**Dataset content:**
^^^^^^^^

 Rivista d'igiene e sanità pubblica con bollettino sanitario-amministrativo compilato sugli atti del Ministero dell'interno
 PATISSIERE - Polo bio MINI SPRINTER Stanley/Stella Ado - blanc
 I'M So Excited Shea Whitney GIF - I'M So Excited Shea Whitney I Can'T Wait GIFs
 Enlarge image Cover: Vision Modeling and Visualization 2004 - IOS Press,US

^^^^^^^^

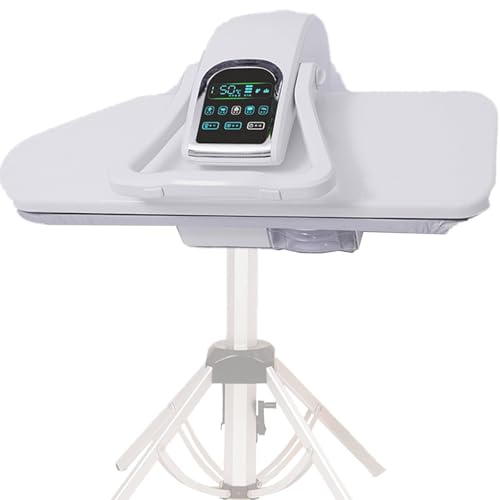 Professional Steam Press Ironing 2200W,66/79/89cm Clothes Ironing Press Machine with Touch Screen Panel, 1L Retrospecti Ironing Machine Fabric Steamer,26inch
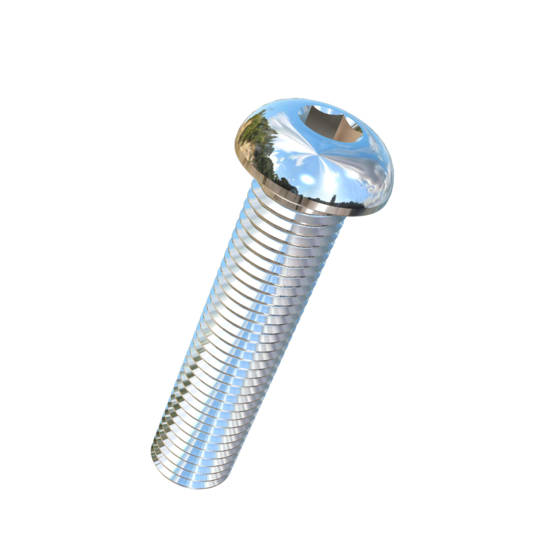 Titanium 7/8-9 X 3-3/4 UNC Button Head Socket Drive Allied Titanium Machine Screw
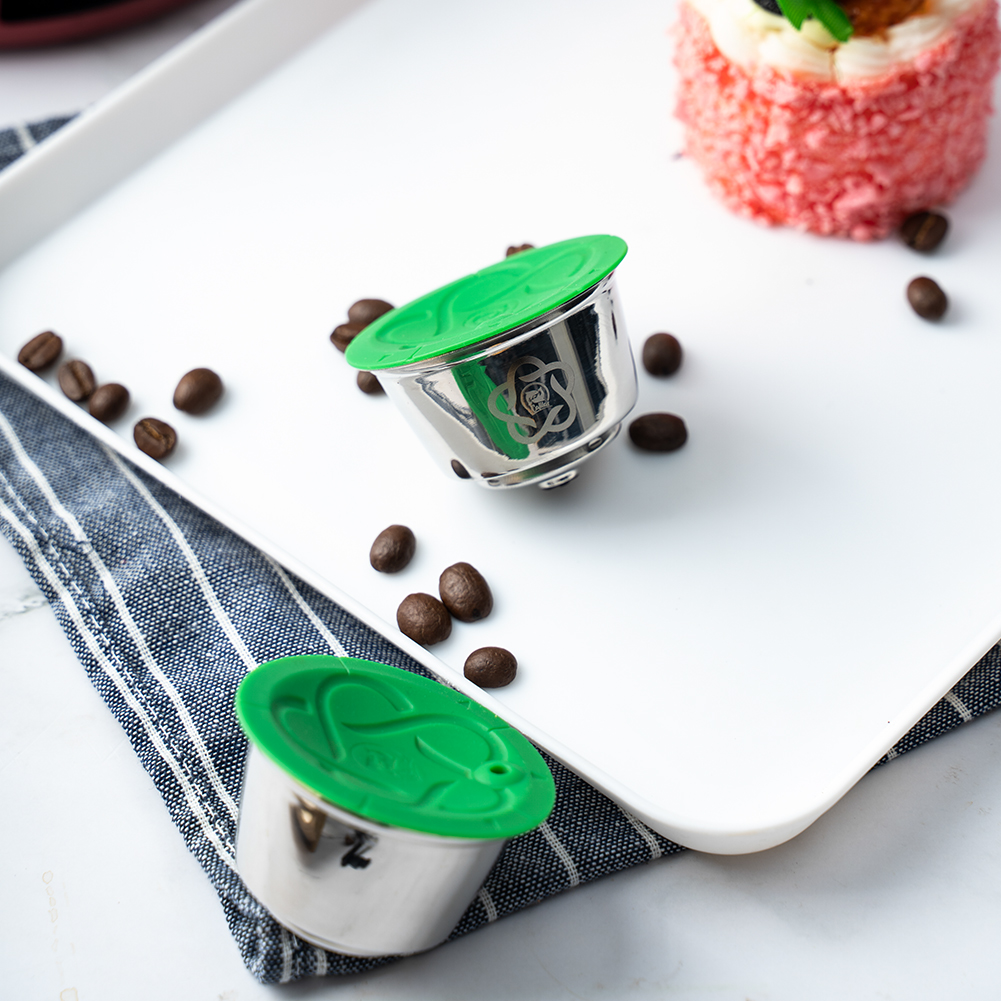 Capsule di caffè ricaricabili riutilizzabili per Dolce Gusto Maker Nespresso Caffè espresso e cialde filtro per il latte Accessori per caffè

^^^^^^^^

**What to work on:** With the pictures omitted, copy the entries above exactly from the line containing "Titanium 7/8-9 X" through the line containing "Capsule di caffè", both lines included.

**Finished exercise:**
 Titanium 7/8-9 X 3-3/4 UNC Button Head Socket Drive Allied Titanium Machine Screw
 Capsule di caffè ricaricabili riutilizzabili per Dolce Gusto Maker Nespresso Caffè espresso e cialde filtro per il latte Accessori per caffè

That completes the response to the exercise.